Personal information
- Born: 9 February 2006 (age 20) Donbas, Ukraine
- Height: 1.70 m (5 ft 7 in)
- Weight: 76 kg (168 lb; 12.0 st)

Sport
- Country: Turkey
- Sport: Women's freestyle wrestling
- Event: 76 kg
- Club: Erzincan İl Özel İdare

Medal record
Women's freestyle wrestling
Representing Turkey
Yasar Dogu Tournament
| Silver medal – second place | 2026 Antalya | 76 kg |
Dan Kolov & Nikola Petrov Tournament
| Silver medal – second place | 2026 Plovdiv | 76 kg |
U23 World Championships
| Bronze medal – third place | 2025 Novi Sad | 76 kg |
European U23 Championships
| Gold medal – first place | 2025 Tirana | 76 kg |
World U20 Championships
| Bronze medal – third place | 2024 Pontevedra | 76 kg |
European U20 Championships
| Gold medal – first place | 2024 Novi Sad | 76 kg |
| Bronze medal – third place | 2025 Caorle | 76 kg |
World U17 Championships
| Bronze medal – third place | 2023 İstanbul | 73 kg |

= Elmira Yasin =

Turkish freestyle wrestler (born 2006)

Elmira Yasin (born 9 February 2006) is a Ukrainian-born Turkish freestyle wrestler competing in the 76 kg division.
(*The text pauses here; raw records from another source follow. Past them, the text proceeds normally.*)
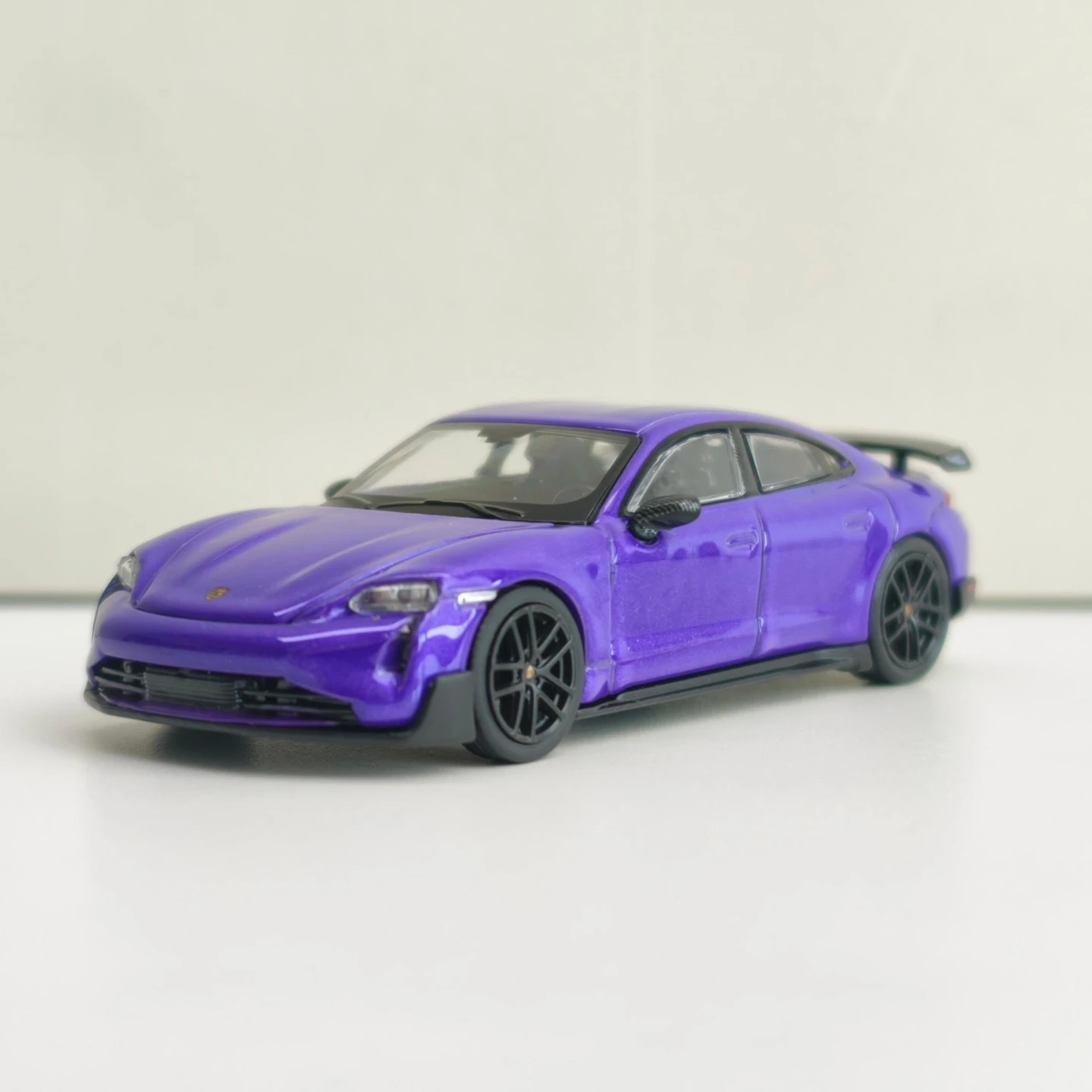 1:64 Simulation Porsche Taycan Turbo GT alloy car model ornament suitable for collection and can be given as a gift to friends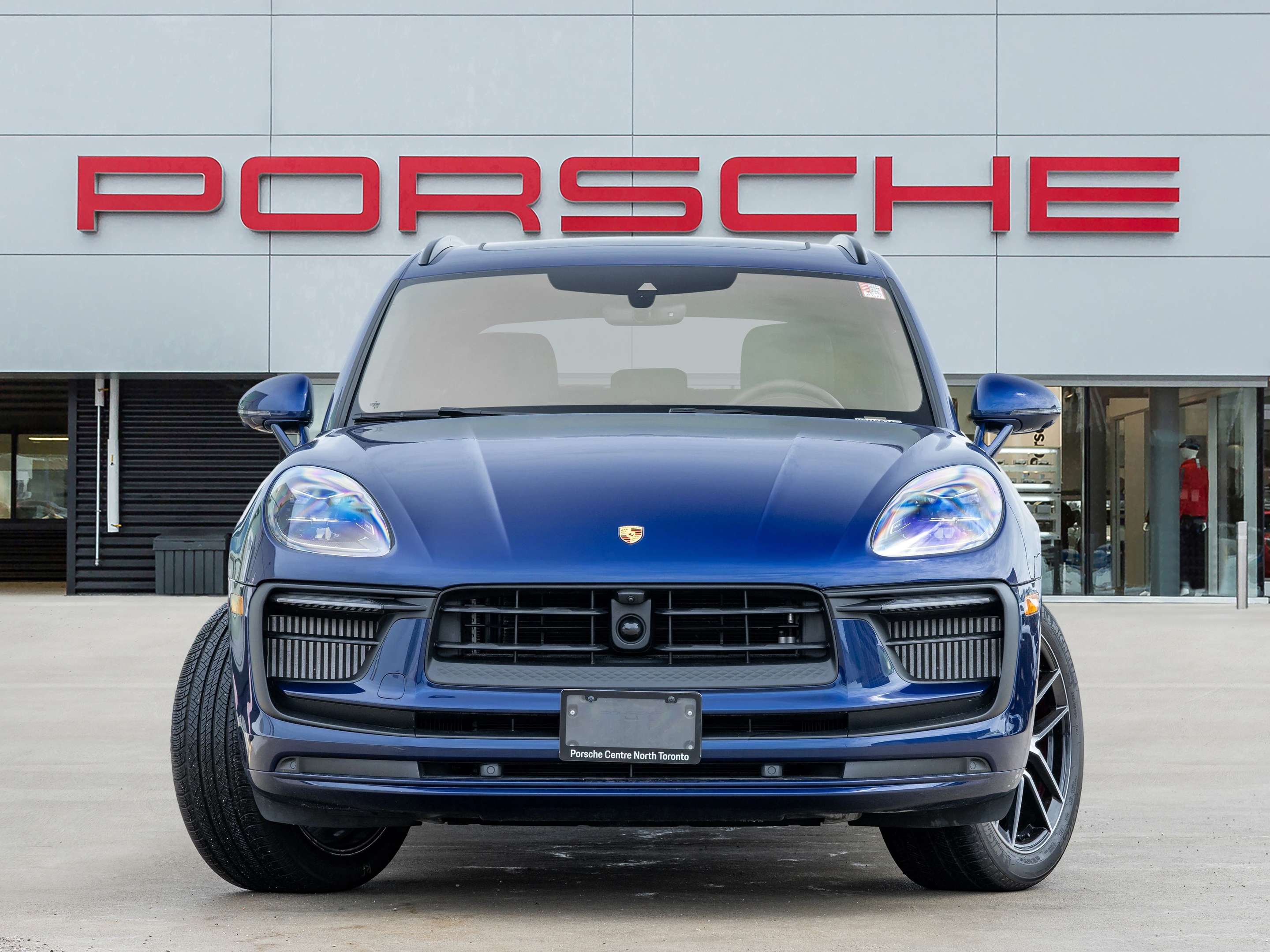 2025 Porsche Macan S | Winter Tire Package Included thumb 6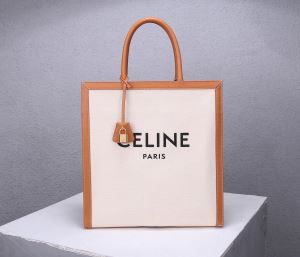レディースバッグ おしゃれ上級者に挑戦 セリーヌ 2020春夏人気トレンドアイテム CELINE オシャレ印象で人気の高い
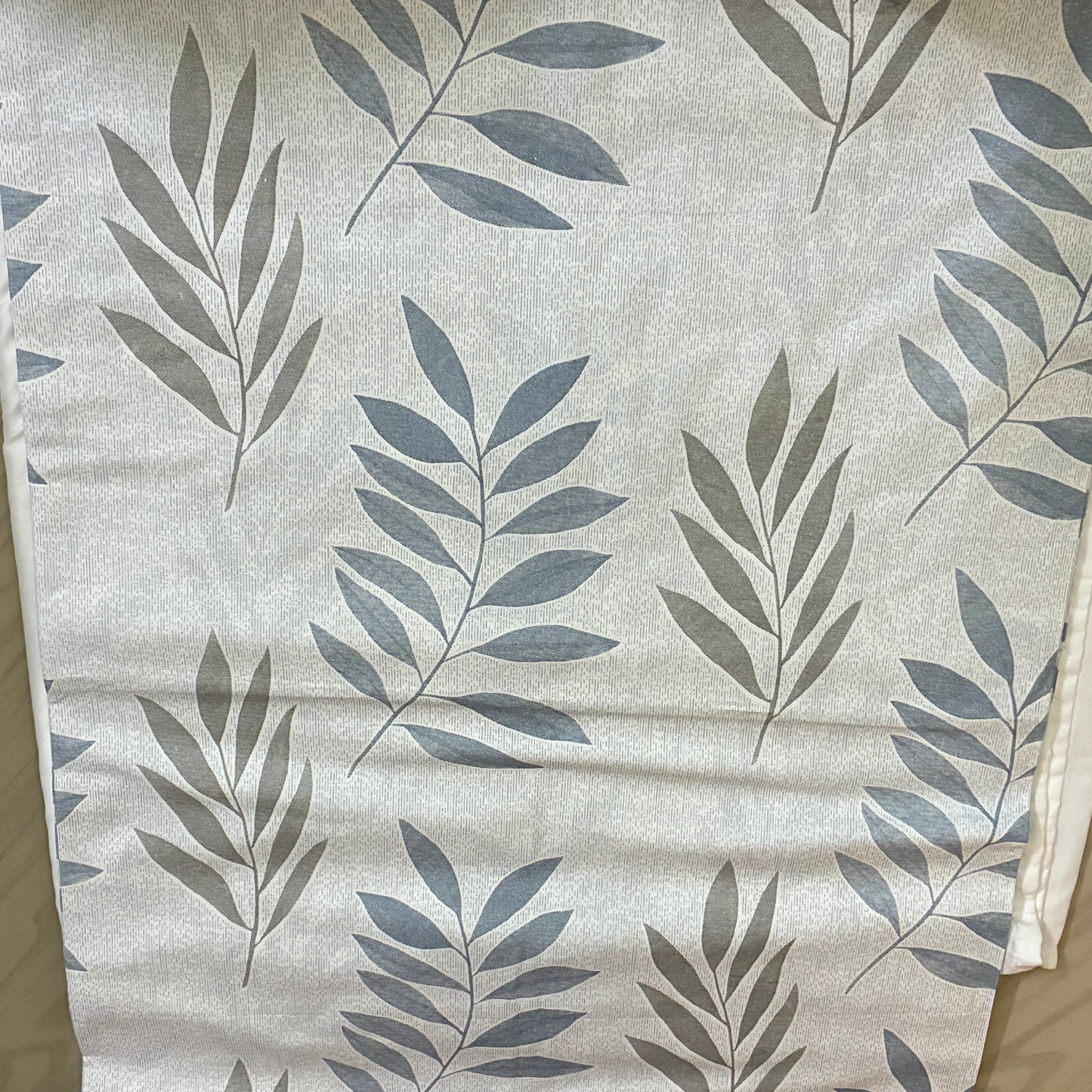 Grey Leaf 300tc premium Queen bedspread 90x100 in(2 pillow covers)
She is a member of Erzincan İl Özel İdare.

== Career ==
Elmira Yasin won the gold medal at the 2024 European U20 Wrestling Championships held in Novi Sad, Serbia, by defeating her opponent in the final match 10-5 against Russian Diana Titova, who participated in the tournament as an Independent Individual Athlete.

She became the champion of Turkey by defeating Melisa Sarıtaç in the women's freestyle 76 kg final match at the 2025 Turkish Wrestling Championship held in Ankara Keçiören Taha Akgül Sports Hall.

Elmira Yasin won the gold medal in the women's freestyle 76 kg category at the 2025 European U23 Wrestling Championships in Tirana, Albania, beating Bulgarian Vanesa Georgieva 7-6 in the first round, Ukrainian Mariia Orlevych 4-2 in the quarter-finals, Hungarian Veronika Nyikos 6-1 in the semi-finals and Russian Olga Kozyreva 10-5 in the final match.

==Personal life==
Yasin is of Turkish Meskhetian origin.